Jean-Jacques me répète à l'envi, qu'il faut croire en l'espèce humaine. Que celle-ci a toujours trouvé des ressources pour se sortir de ses mauvais pas. Certes, quelquefois trop tard, ou en créant de nouveaux problèmes à vouloir résoudre les précédents. Qu'importe il faut avancer, toujours, regarder de l'avant, car ce n'est pas très joli ce qu'on voit dans le rétroviseur, alors, comme un grimpeur ne regarde pas le bas de la falaise, on monte, toujours plus haut, de façon toujours plus risquée. On sait que ce n'est pas raisonnable, mais il faut pourtant poursuivre, ne pas perturber la troupe qui ne regarde que le bout de son nez, que son confort immédiat et qui ne veut pas s'entendre dire comment vivre.
-- Laissez-moi libre, crie ainsi la cigale, d'aller choisir mes achats spontanément, de me fondre dans la foule des temples modernes, d'y remplir mon charriot et d'y épuiser mes crédits insolvablement. Peu m'importe que ces choses s'avèrent inutiles une fois rendues chez moi, d'autres achats toujours aussi impulsifs viendront les remplacer assurément.
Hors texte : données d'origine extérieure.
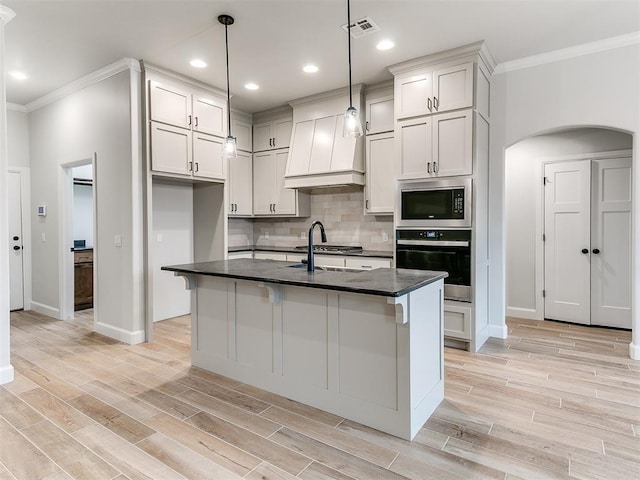 kitchen featuring stainless steel appliances, backsplash, crown molding, an island with sink, and pendant lighting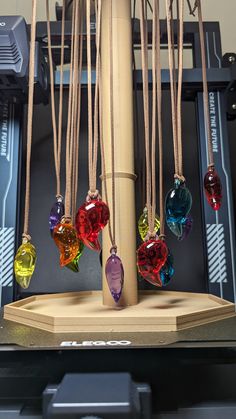 several different colored glass hearts hanging from a wooden pole in front of a server rack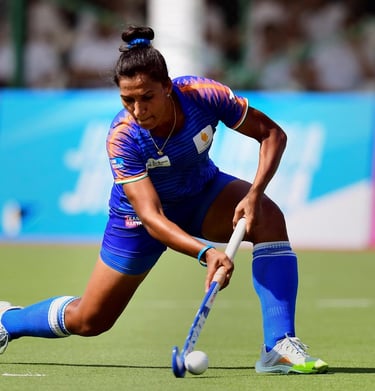 Rani Rampal taking a powerful hockey shot on the field.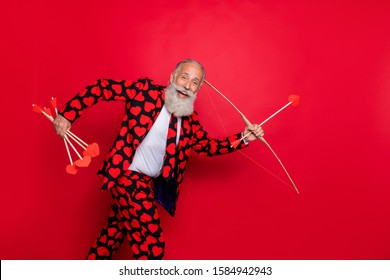 Profile Photo Of Excited Funky Aged Man Guy Cupid See Nice Couple Going To Shoot Love Bow Arrow Wear Hearts Pattern Suit Shirt Tie Pants Isolated Shine Red Color Background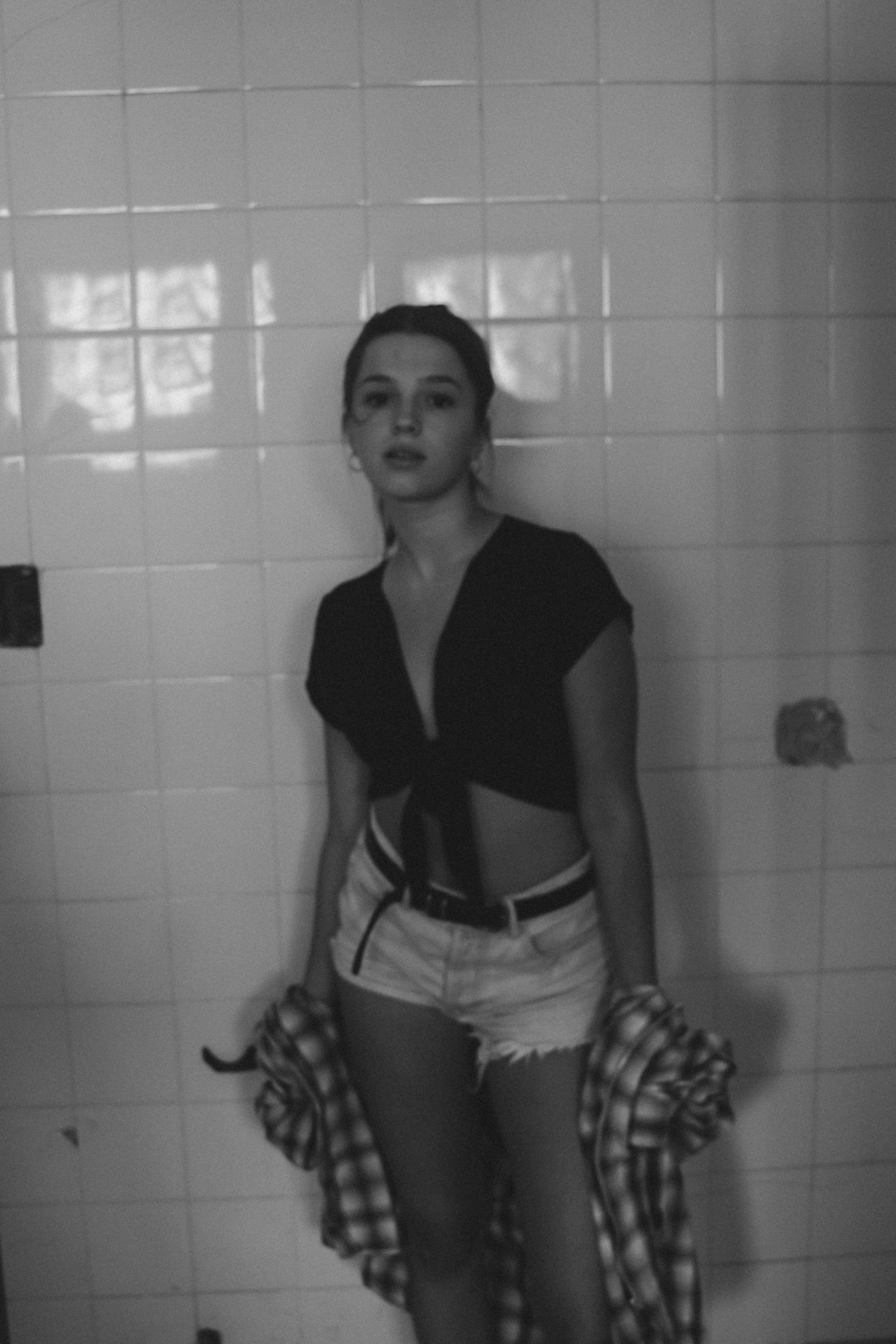 woman in black shirt and white shorts in bathroom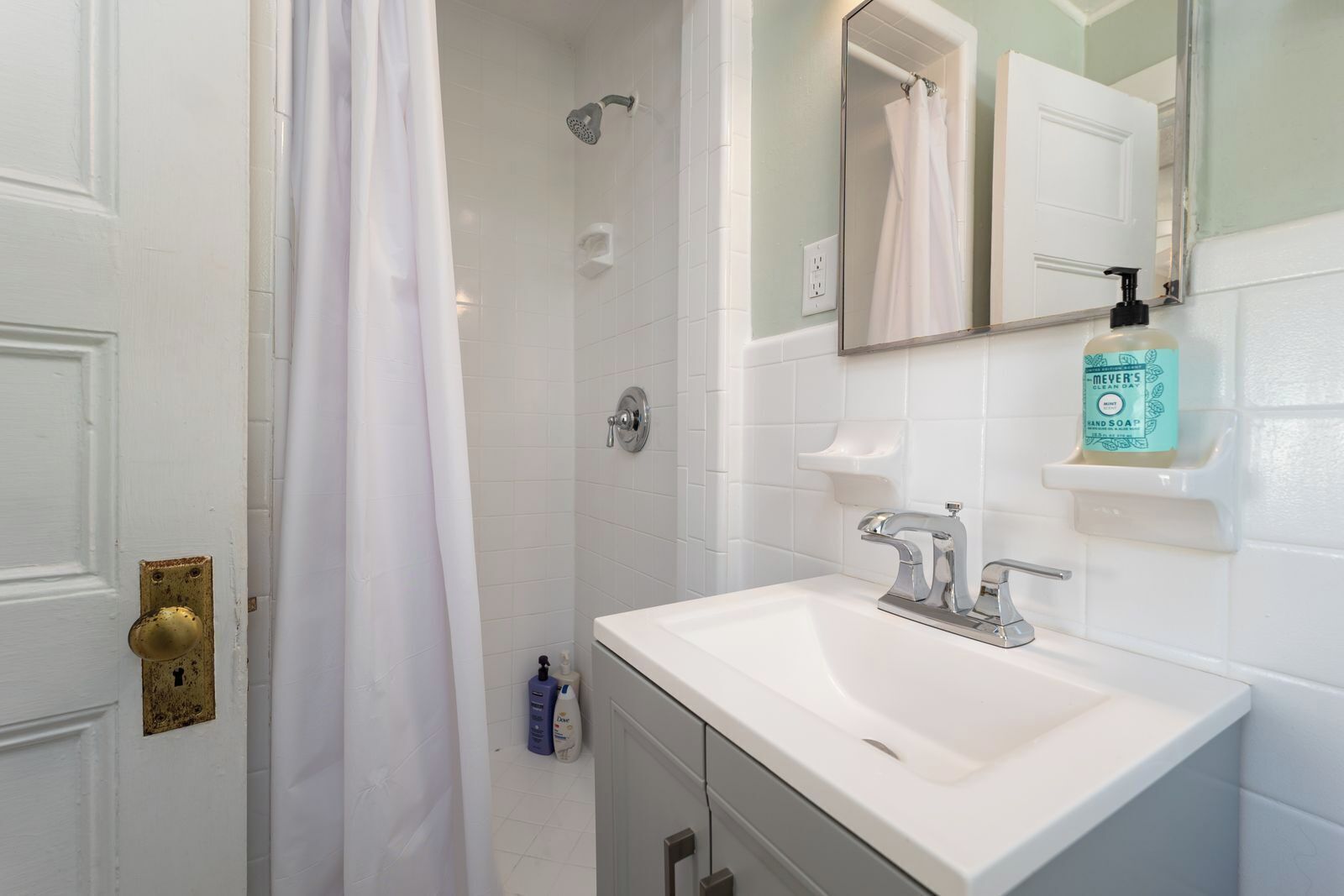 A bathroom with a shower, a sink, a mirror, and a bottle of soap.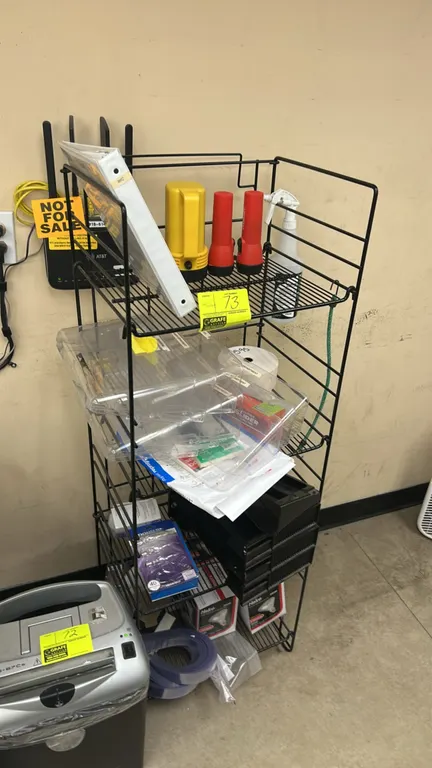 Multi-tier metal wire rack with contents. Includes flashlights, Halco 250W light bulbs, clear poly organizers, plastic letter trays, vinyl strip curta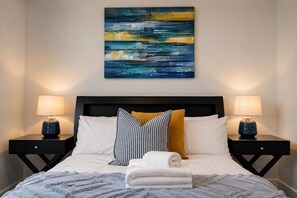 A neatly made bed with white and striped pillows, a rolled white towel, and a blue blanket. There are two bedside tables with lamps and a painting above the bed. - Docklands Rooftop Pool Retreat (Docklands)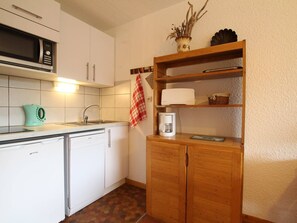 Una cocina compacta con microondas, hervidor, cafetera y un armario de madera con estantes.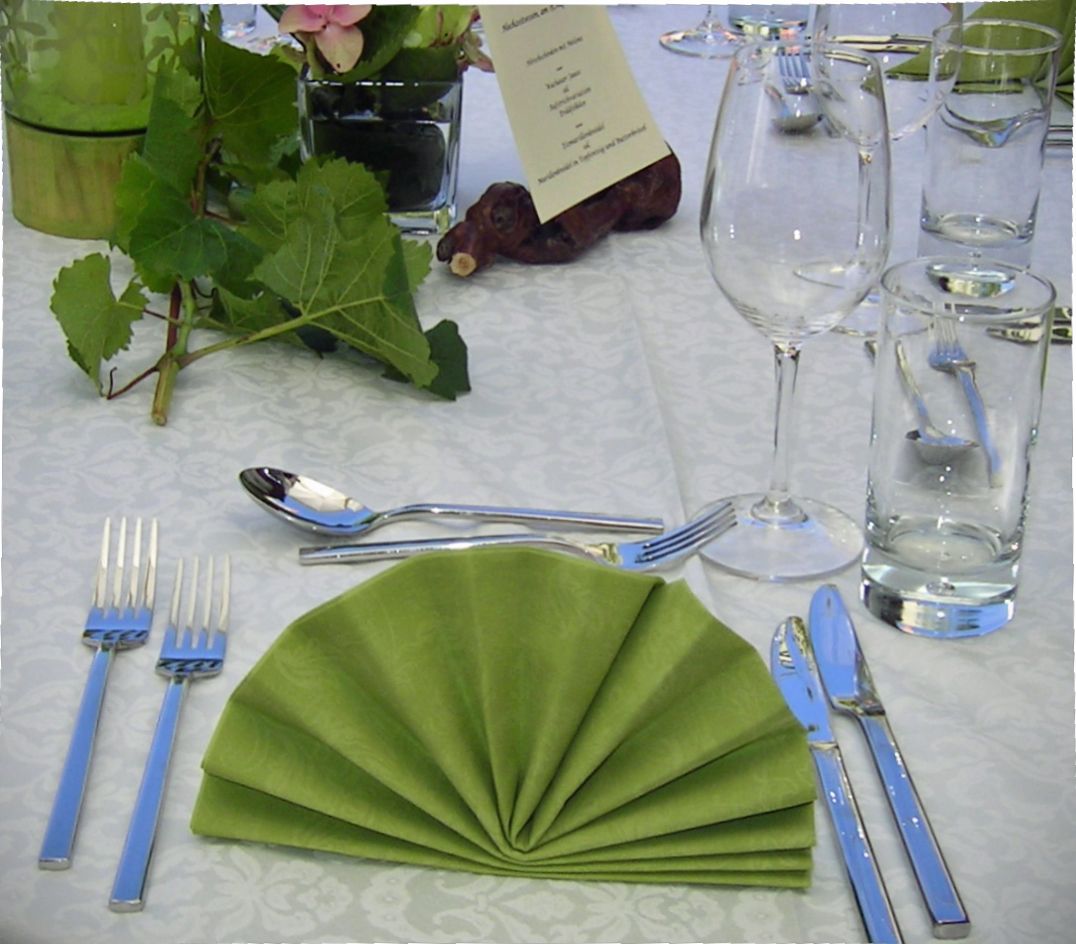 Elegantní dekorace stolu se zeleným skládaným ubrouskem, příbory, sklenicí na víno a sklenicí na vodu na bílém ubrusu.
Mon frigo est à l'image de mon ventre, abondant, regorgeant de vivres, ainsi je me sens à mon aise dans le monde.
-- Jean-Jacques avait pourtant bien parlé, pour autant je crois qu'on ne s'en sortira pas indemnes cette fois-ci à outrepasser les limites planétaires. Leurs voitures sont à l'égal de leur égo, surdimensionnées. Leurs vacances sont au bout du monde, pour faire de belles images qui s'agglutinerons à des milliers d'autres, que personne ne regardera, les images des autres ne font pas envie. Leurs voitures sont devenues obèses, disais-je, à l'instar de leur vie au format SUV, quand le reste du monde crie famine.
Alors mon cher Jean-Jacques, je regarde mon frigo presque vide, et dans la lumière bleutée de ma frugalité, je trouve cet espoir que l'humanité survivra bien à l'âge du consumérisme, et j'entrevois serrés autour d'un feu, un groupe discuter du partage de leur maigre récolte, les uns optant pour un partage équitable à l'ensemble du groupe, d'autres insistant pour prendre en compte l'effort fourni, le consensus étant tranché par le mâle alpha qui s'accorde une part double, vient ensuite le débat sur la sécurité, où comment se protéger contre les raids que tentent encore à l'occasion les derniers hommes gras, à la chair si prisée.